Debugging with `git bisect`: Identifying the commit that introduced a bug

Greg Foster
Greg Foster
Graphite software engineer
Try Graphite


Note

This guide explains this concept in vanilla Git. For Graphite documentation, see our CLI docs.


Table of contents

When a previously working feature suddenly breaks, finding which commit introduced the bug can be challenging. Git provides a powerful tool called git bisect to speed up this “bug hunt.” It uses a binary search through your commit history to pinpoint the first bad commit that caused the issue. This guide will explain how git bisect works, walk through an example of tracking down a bug step-by-step (with commands and outputs), and cover advanced tips like automated bisecting with scripts. We’ll also discuss caveats (such as complex histories) and briefly see how the Graphite CLI can complement this workflow.

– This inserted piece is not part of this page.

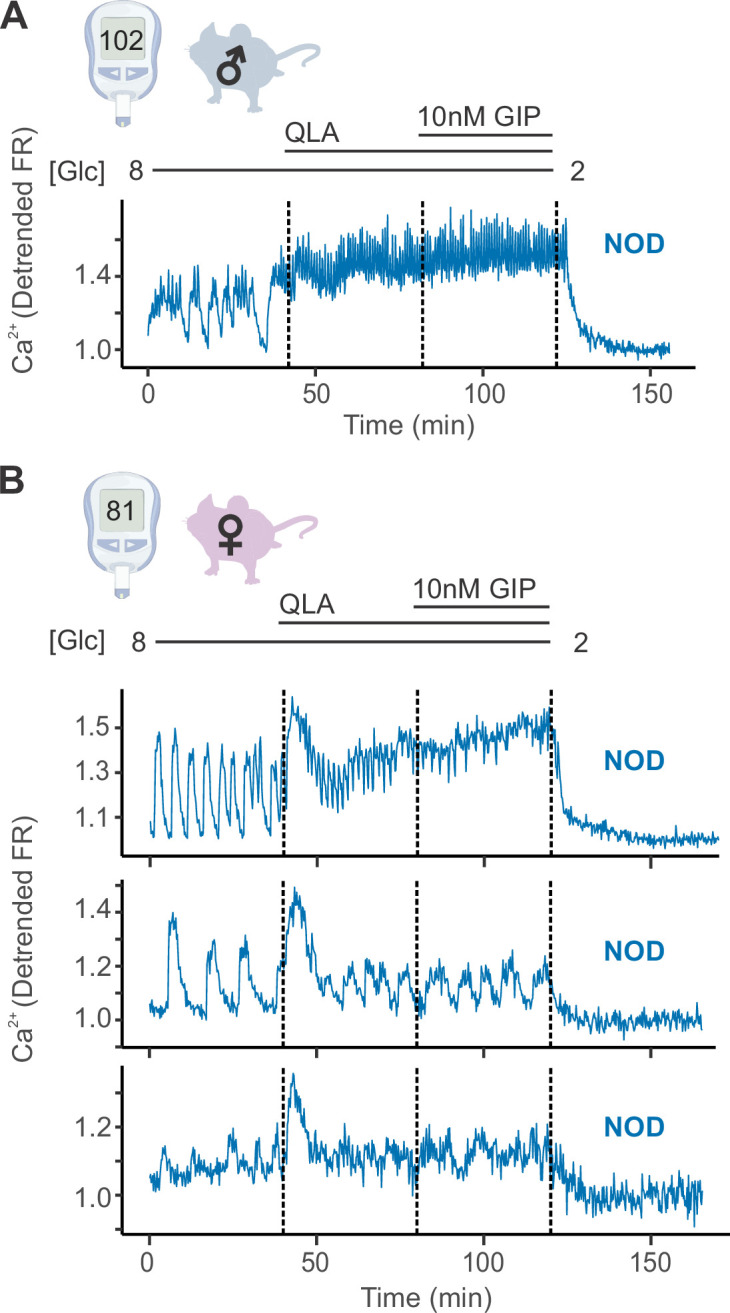 Figure 1—figure supplement 2.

git bisect is a Git command that helps identify the commit where a bug was introduced by performing a binary search through the commit history. You provide two reference points: one “good” commit (where the code was known to work) and one “bad” commit (where the bug is present). Git then checks out a commit roughly halfway between these points. You test that commit and mark it as “good” or “bad,” which tells Git whether the bug lies in the earlier half or later half of the history. Git continues this process of halving the search space until it pinpoints the first commit that introduced the bug. In essence, git bisect automates the “divide and conquer” approach to debugging. This is much faster than checking every commit sequentially – it dramatically reduces the number of commits you have to test (binary search is O(log N) in complexity). For developers, this means you can find the offending commit in a fraction of the time it would take by manual trial and error.

Now let's walk through the bisect process step by step using a scenario where a CLI tool's report generation feature has stopped working. We'll mark our known good and bad commits and let Git guide us to the culprit.

  1. Start the bisect session: In your repository, check out the branch with the issue (e.g. main) and initiate bisecting by running git bisect start. This puts Git into bisect mode, ready to accept good/bad markers. (If you are in a subdirectory of the repo, navigate to the repo’s root before starting, since bisect may refuse to start from a subdirectory.)

  2. Mark the bad commit: Tell Git which commit is “bad” (contains the bug). Typically, this is the current HEAD if you’re on the latest buggy code. You can simply run:

    Terminal
    $ git bisect bad

    This marks the current commit (HEAD) as bad. Alternatively, you could specify a commit hash or tag after bad if the bad commit isn’t the one currently checked out (e.g., git bisect bad <commit-hash>). In our example, HEAD is the buggy version, so we mark it as bad.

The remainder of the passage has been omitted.